Market Strategy 6/22/2020

  • John Stoltzfus
  • June 22, 2020

Reality Sets In

As economies re-open around the world, the coronavirus proves to be difficult to eradicate
Key Takeaways
  • The road back to “normal” now appears longer as Covid-19 continues to hold economies hostage even as they re-open.
  • With bond yields near or at historic lows equities remain a key focus for goal-oriented investors.
  • Last week’s economic data continued to show evidence of the US economy’s resilience in the face of significant challenges as the economy moves toward reopening.
  • The process of globalization is likely to expand further as the world moves away from a one-country-centric global supply chain.
restaurant opening with covid restrictions

A resurgence of Covid-19 cases as economic re-openings take place stateside and around the world is raising concern and fortunately causing some government officials and their constituencies to take note. Responses vary, but one thing that appears to be increasingly clear is that the process of reopening economies will not be as easy as turning on a light switch but rather will be like traversing a landscape of hurdles across the globe.

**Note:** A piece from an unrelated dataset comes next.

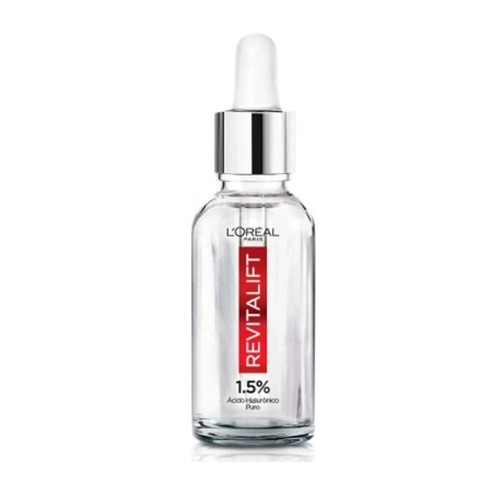 CREME OLHOS ANTI IDADE LOREAL REVITALIFT HIALURONICO 15G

From an anecdotal perspective as well as assessments of the situation made by medical professionals interviewed by the media over the past week facemasks, social distancing and sheltering in place may be part of life for longer than had been expected.

Along with the usual suspects that make up the “wall of worry” that the equity markets have climbed since March 23 a key challenge is how to “get back to normal” or at least to a “new, new normal” economy without triggering unmanageable resurgences of the virus that holds the global economy hostage.

Last week saw stocks worldwide navigate challenges and move higher as positive developments offset setbacks.

Quotation from Aenean Pretium

With yields on many of the components in the fixed income complex at or near historic lows on a global basis, investors will likely find it somewhat difficult to achieve their goals and objectives without exposure to equities.

As different as the Covid-19 pandemic crisis is, the process of righting the ship in the storm remains similar to other economic and market shocks that have appeared across the timeline of history.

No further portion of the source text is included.